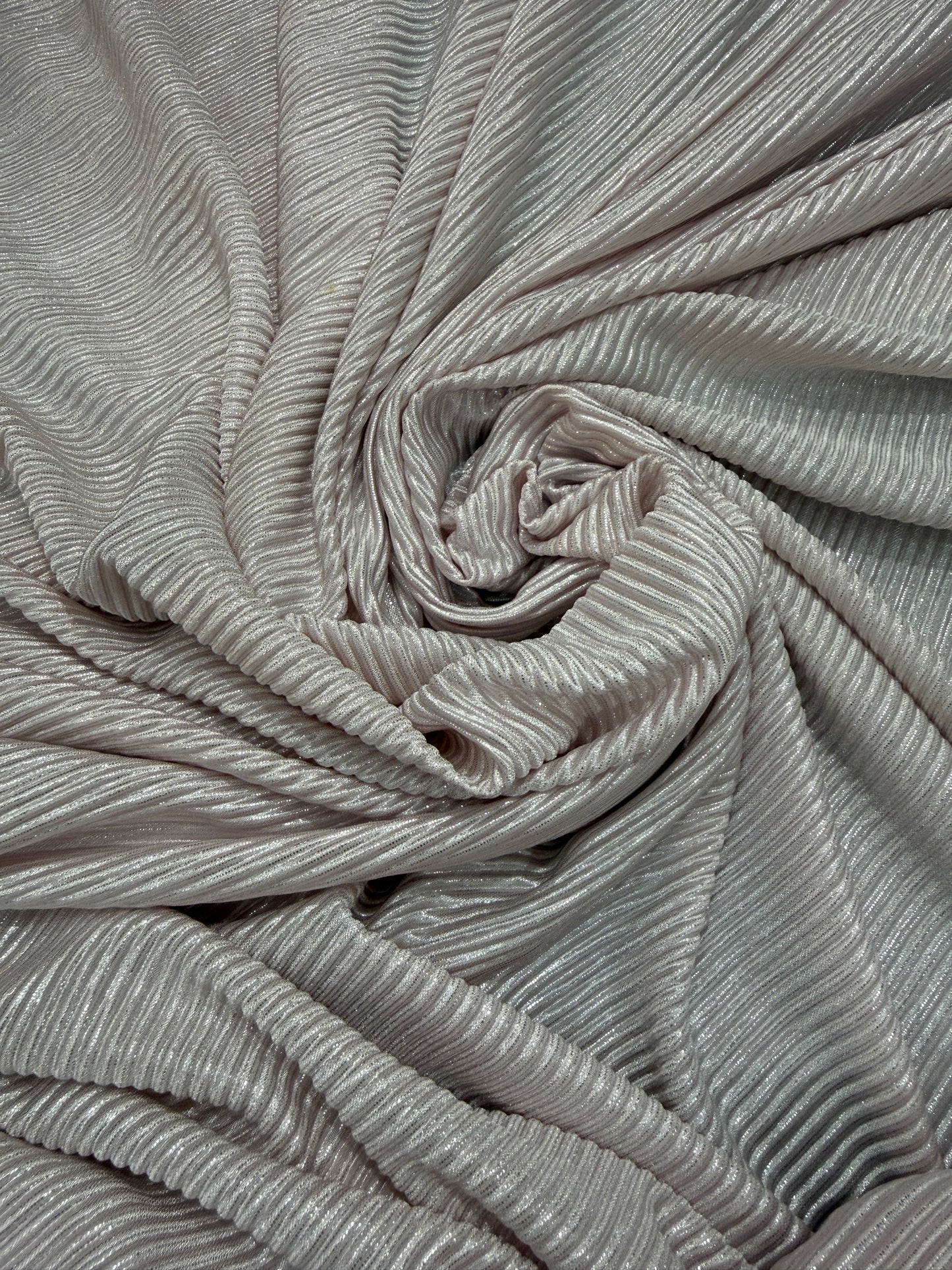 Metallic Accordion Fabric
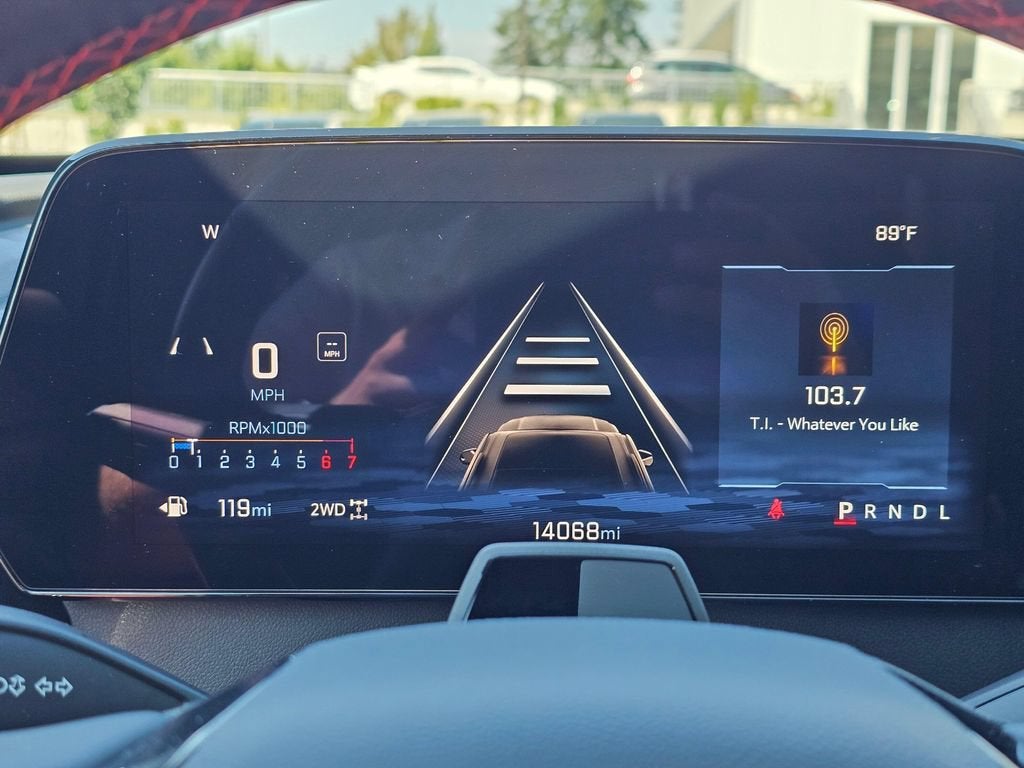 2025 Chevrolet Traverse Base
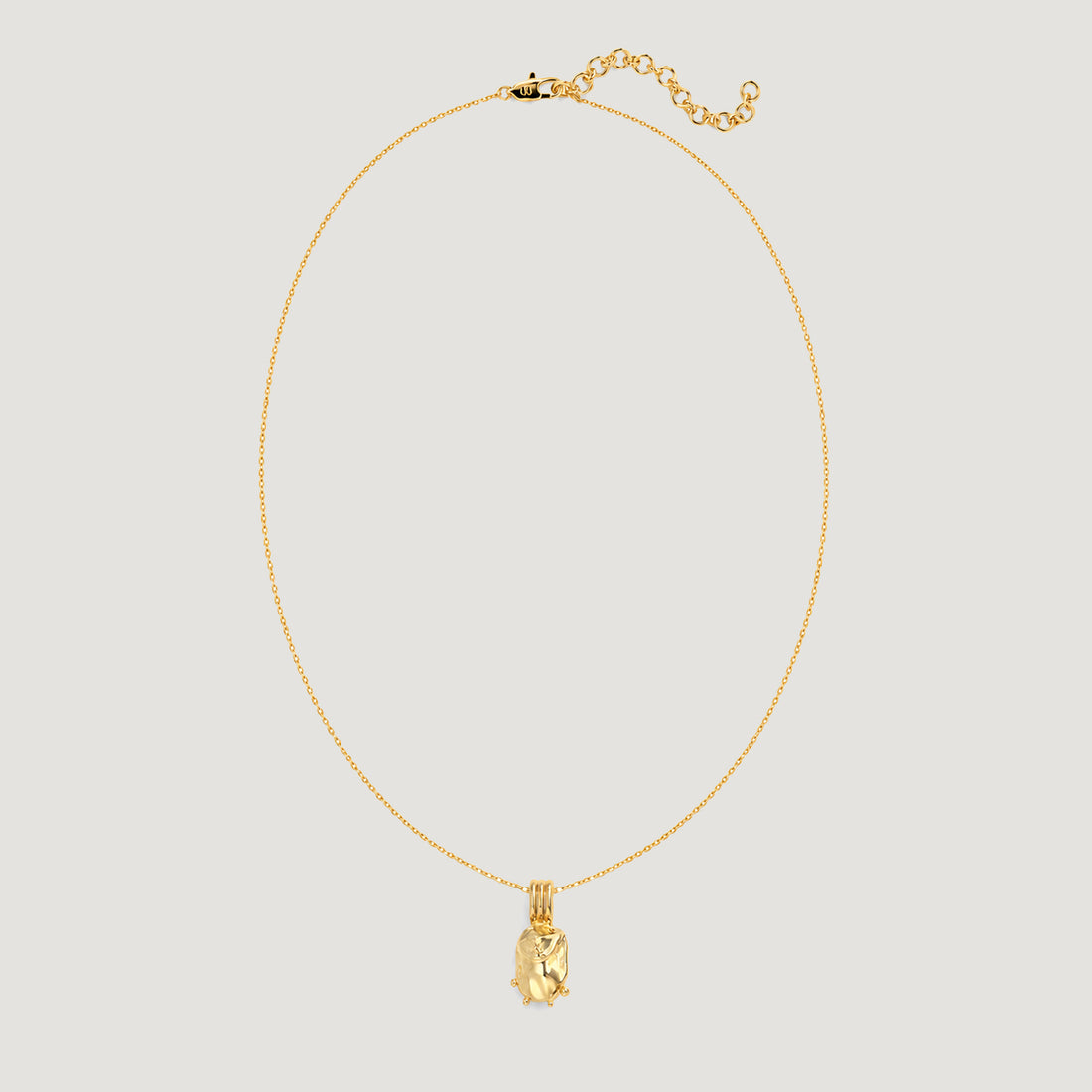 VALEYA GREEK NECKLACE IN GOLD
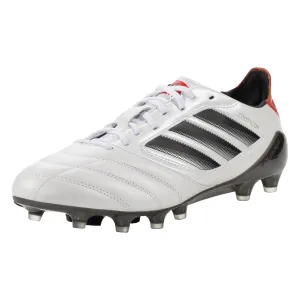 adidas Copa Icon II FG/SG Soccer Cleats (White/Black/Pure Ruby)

...

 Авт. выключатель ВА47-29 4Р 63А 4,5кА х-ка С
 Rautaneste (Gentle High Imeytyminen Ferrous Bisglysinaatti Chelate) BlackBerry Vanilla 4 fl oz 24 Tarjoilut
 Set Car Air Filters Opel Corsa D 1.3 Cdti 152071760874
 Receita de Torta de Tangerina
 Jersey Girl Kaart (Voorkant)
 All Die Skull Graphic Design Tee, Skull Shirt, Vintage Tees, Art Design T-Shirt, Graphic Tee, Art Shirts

**How to complete this task:**
Return only the part of the records above that opens with the line containing "Авт. выключатель ВА47-29 4Р 63А 4,5кА х-ка С" and closes with the line containing "Jersey Girl Kaart (Voorkant)", ends included.

**Solution:**
 Авт. выключатель ВА47-29 4Р 63А 4,5кА х-ка С
 Rautaneste (Gentle High Imeytyminen Ferrous Bisglysinaatti Chelate) BlackBerry Vanilla 4 fl oz 24 Tarjoilut
 Set Car Air Filters Opel Corsa D 1.3 Cdti 152071760874
 Receita de Torta de Tangerina
 Jersey Girl Kaart (Voorkant)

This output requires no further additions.